So when Gideon said he wanted me to make Oreo spiders (from a Highlights magazine) with pretzel legs for the 22 kids, I was all for it. Until two hours later … when I was still struggling to get the pretzels firmly entrenched without breaking the cookies! As my husband was nibbling on some “spiders” that I had rejected, he wondered out loud whether anyone would appreciate (or even notice) this effort!

Flash forward to this past winter, when I realized about 8 p.m. that I hadn’t made anything to send in for Gideon’s third grade holiday party. I really didn’t feel like making a late-night run to the store — and then I spotted an (already-opened) box of Oreos in the pantry. I sent them the next day, and the kids were thrilled! Lesson learned.

3. What are the “New” Mommy Wars?

HOLLEE: The “New” Mommy Wars are the latest development in the country’s evolving work/life story. In the previous Mommy Wars, at-home mothers were pitted against working mothers, and careers were considered to be an all-or-nothing proposition. Briefcase or stroller — you had to pick.

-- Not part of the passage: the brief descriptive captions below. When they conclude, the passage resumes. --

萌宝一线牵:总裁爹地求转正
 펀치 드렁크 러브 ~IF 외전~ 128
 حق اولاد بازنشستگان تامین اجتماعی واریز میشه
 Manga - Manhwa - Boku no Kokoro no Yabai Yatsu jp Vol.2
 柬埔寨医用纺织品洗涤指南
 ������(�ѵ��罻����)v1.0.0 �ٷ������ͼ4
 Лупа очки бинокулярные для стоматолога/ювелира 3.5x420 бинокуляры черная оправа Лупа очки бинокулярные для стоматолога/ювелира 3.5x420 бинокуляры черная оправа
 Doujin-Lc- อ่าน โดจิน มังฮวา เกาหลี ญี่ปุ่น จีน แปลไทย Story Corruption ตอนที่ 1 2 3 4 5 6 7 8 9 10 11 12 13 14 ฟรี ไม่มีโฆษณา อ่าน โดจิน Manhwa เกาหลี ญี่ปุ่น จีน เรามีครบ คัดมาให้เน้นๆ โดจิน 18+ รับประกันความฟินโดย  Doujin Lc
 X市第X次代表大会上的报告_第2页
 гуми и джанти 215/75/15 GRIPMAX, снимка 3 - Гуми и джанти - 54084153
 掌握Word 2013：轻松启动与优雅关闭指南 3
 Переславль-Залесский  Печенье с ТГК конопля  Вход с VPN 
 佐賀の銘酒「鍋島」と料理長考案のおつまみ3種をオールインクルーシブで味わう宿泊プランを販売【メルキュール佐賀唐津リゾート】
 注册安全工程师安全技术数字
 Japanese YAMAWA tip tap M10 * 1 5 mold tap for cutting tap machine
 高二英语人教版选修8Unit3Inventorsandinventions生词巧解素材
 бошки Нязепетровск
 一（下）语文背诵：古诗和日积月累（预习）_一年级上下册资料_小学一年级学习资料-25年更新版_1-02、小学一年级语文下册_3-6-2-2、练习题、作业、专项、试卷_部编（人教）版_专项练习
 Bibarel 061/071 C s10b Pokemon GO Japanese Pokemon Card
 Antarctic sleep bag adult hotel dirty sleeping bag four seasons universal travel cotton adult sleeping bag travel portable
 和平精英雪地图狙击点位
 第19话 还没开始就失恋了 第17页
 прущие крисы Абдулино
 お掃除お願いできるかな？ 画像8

But with the changes in technology and the shift in mindset toward increased work/life balance, the Mommy Wars have found a new battleground — this time inside the minds of today’s mothers. This generation, groomed from birth to believe they could Have It All, obsesses and overanalyzes and overthinks every parenting and career-related decision. With our unprecedented access to information, we often feel overwhelmed by our ample inheritance, fretting over what’s the “right” or “best” thing to do for our children and our careers. This internal battle becomes even more complicated because there are so many different ways to work and parent today. We have work-at-home moms, freelance moms, hybrid moms … the lines aren’t as sharp as they used to be, and that’s very hard on women. Moms want to be validated and they want to belong. Instead, one of our most surprising findings was that many women said they felt utterly alone in their work/life choices, that no one else was quite like that them. And that made the self-questioning, that new Mommy War, even more difficult to fight.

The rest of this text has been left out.